WikiFAIR
This page is under construction. Please help review and edit this page. |
WikiFAIR is a set of ideas, instructions and helpful examples to archive the FAIR-Prinicples in research projects using Wikimedia systems and technologies. More specifically it's about integrating Wikimedia platforms in research data management to promote free knowledge, while reducing hurdles in building publishing infrastructure.
FAIR principles
[edit]The FAIR data principles are guidelines designed to improve the Findability, Accessibility, Interoperability, and Reusability of digital assets. These principles emphasize the ability of machines to automatically find and use the data, in addition to supporting its reuse by individuals.
Full implementation of every aspect of the FAIR principles is difficult for most research projects, especially smaller ones. Depending on whether a new digital presentations platform needs to be build, or research data needs to be published the scale of possible hurdles and potential costs is significant.

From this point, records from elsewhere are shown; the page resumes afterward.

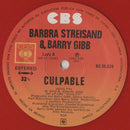 Barbra Streisand & Barry Gibb - Guilty (Vinyle Usagé)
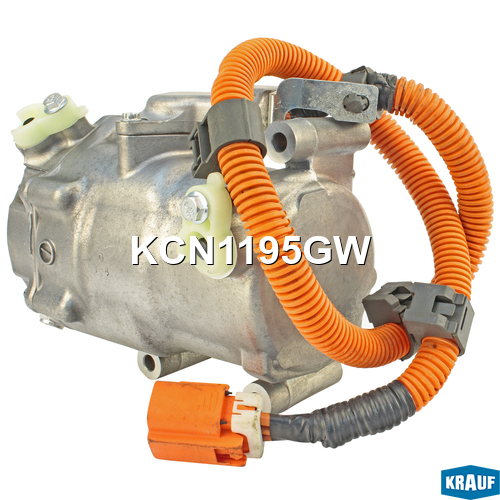 Компрессор кондиционера - Krauf KCN1195GW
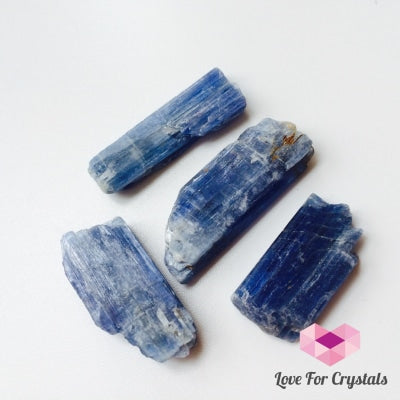 Kyanite Blue Natural (India) Raw Stones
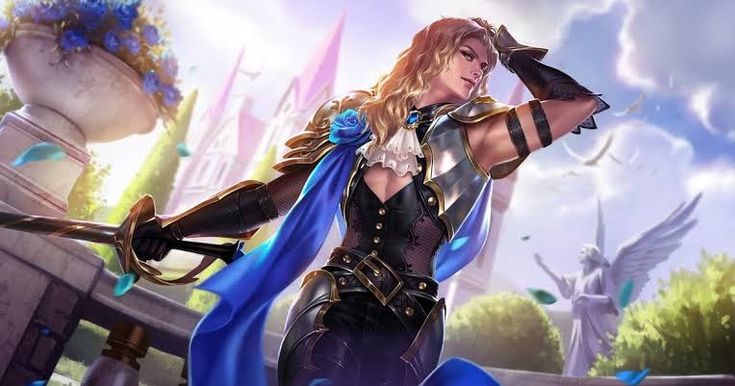 Lancelot Perfumed Knight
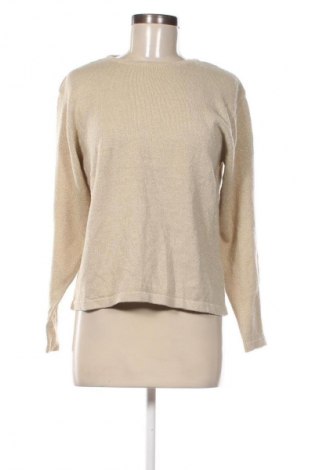 Damenpullover, Größe L, Farbe Golden, Preis € 9,49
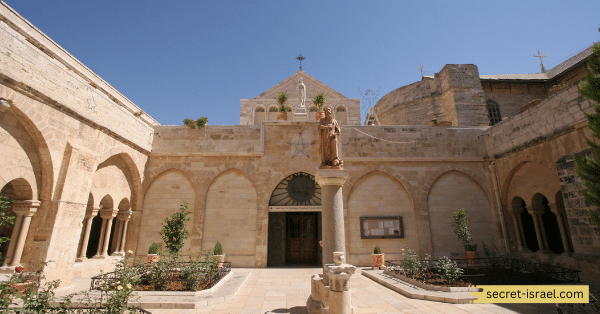 Admire Christian antiquities at the Monastery of St Charbel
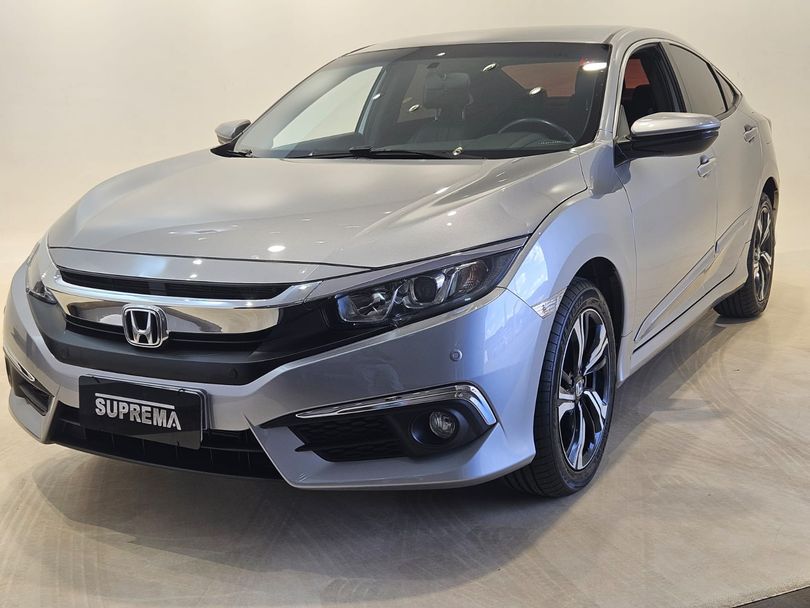 Honda 2.0 16V FLEXONE EXL 4P CVT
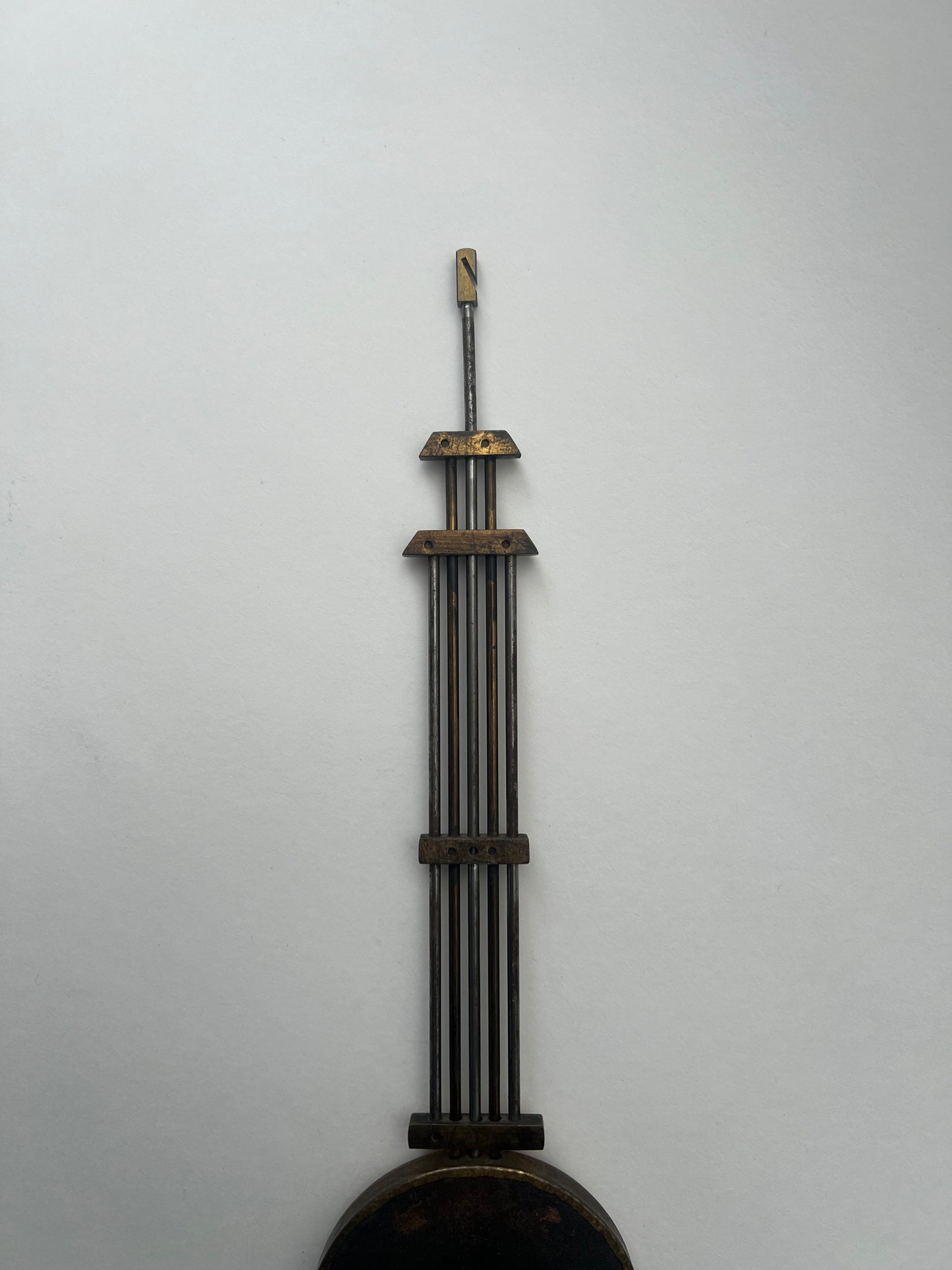 Clock Parts Pendulum - R&A German Pendulum #6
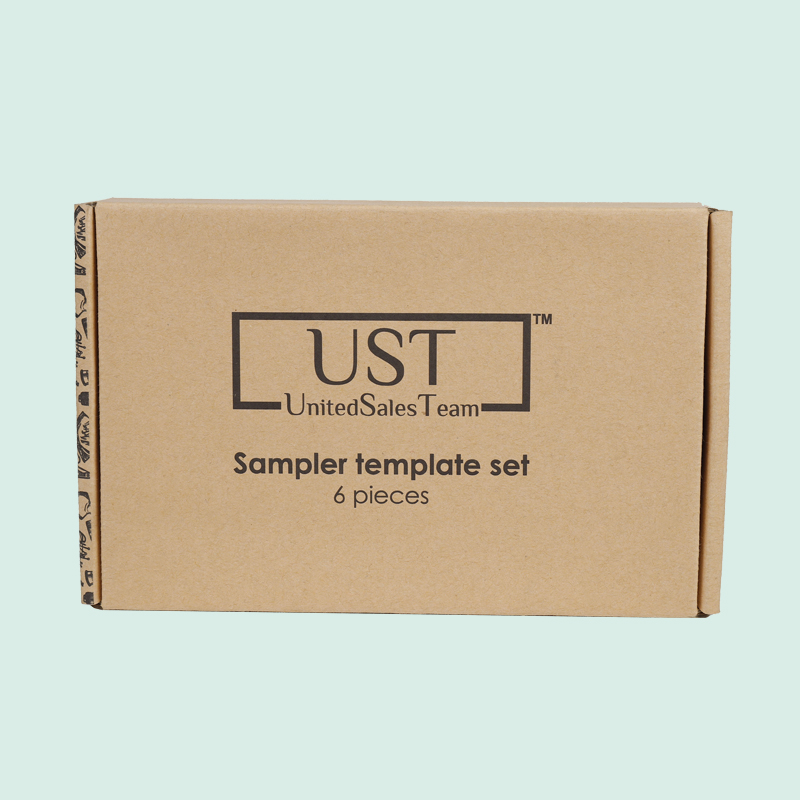 Foldable Packaging Shipping Mailer Box Custom Eco Friendly Corrugated Box from IPACK 7
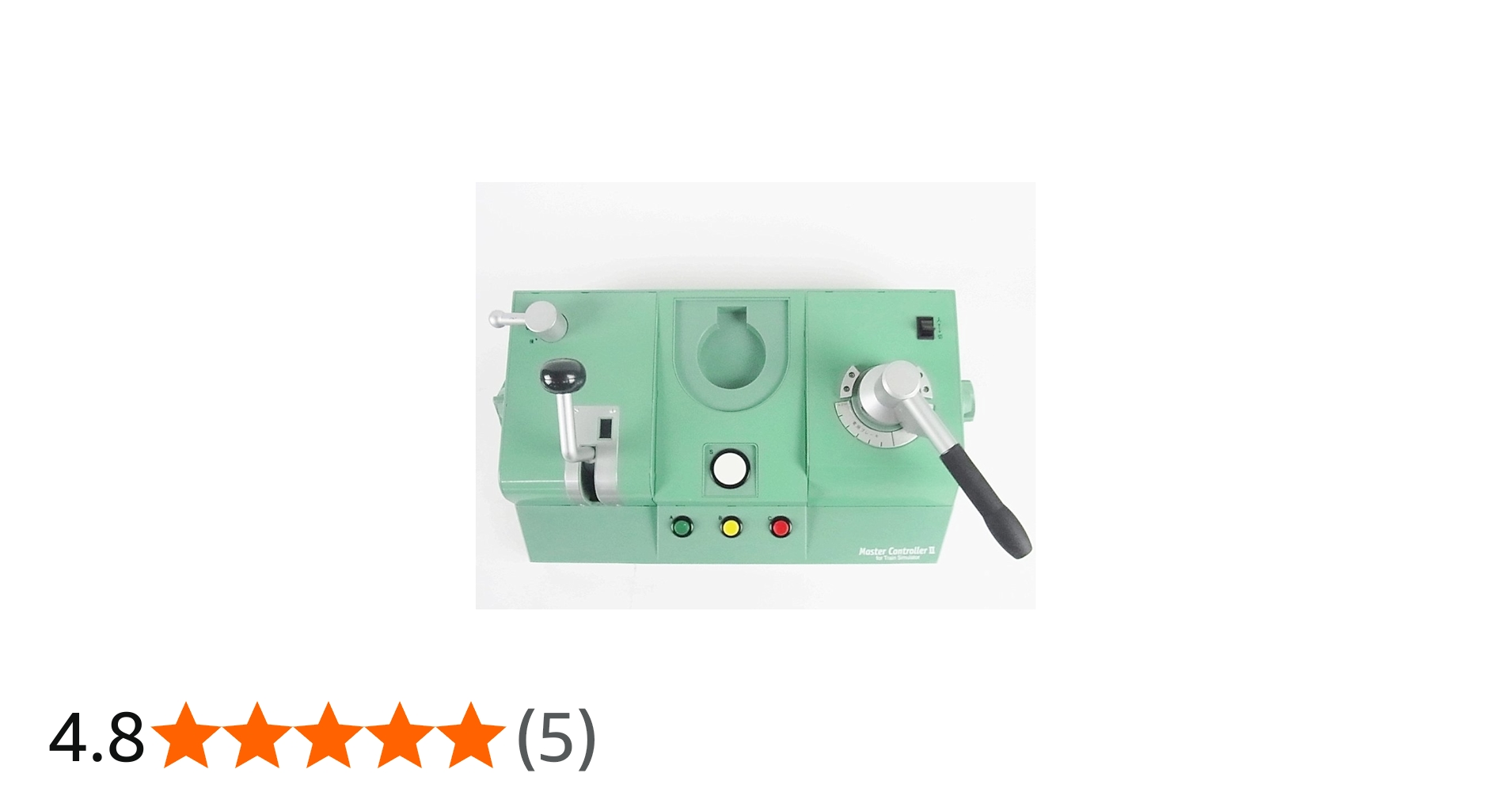 Amazon.co.jp: Train Simulator Master Controller 2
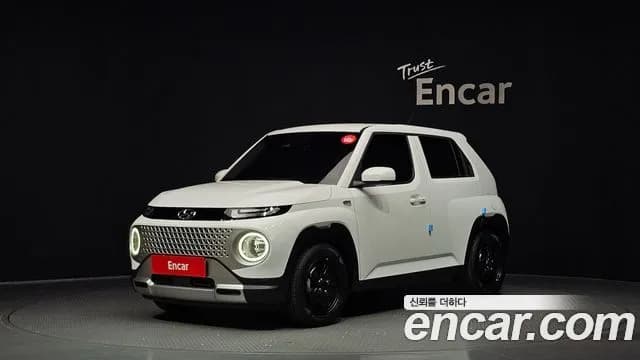 Hyundai Casper Modern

But most researchers want to, and often need to follow these guidelines to archive the best scientific outcomes.
Integrating research projects with Wikimedia's ecosystem allows research teams to benefit from adhering to FAIR data standards and making the research data consumable in many different formats. The specific results depend on the chosen integration model, which can range from simply linking the data sets, to fully using multiple Wikimedia Projects to host structured data, media files and other formats about the research.
Wikimedia and FAIR Principles
[edit]The Wikimedia Movements goal is to become the essential infrastructure of the ecosystem of free knowledge, and accordingly implementing FAIR principles across all projects is a core goal. As WikiFAIR mostly focuses on the semantic knowledge base Wikidata and the free media repository (Wikimedia) Commons, we will explore them in particular. Most of the details about Wikidata also apply to Wikibase, the open source software powering it, which can also be run independently in a federated system.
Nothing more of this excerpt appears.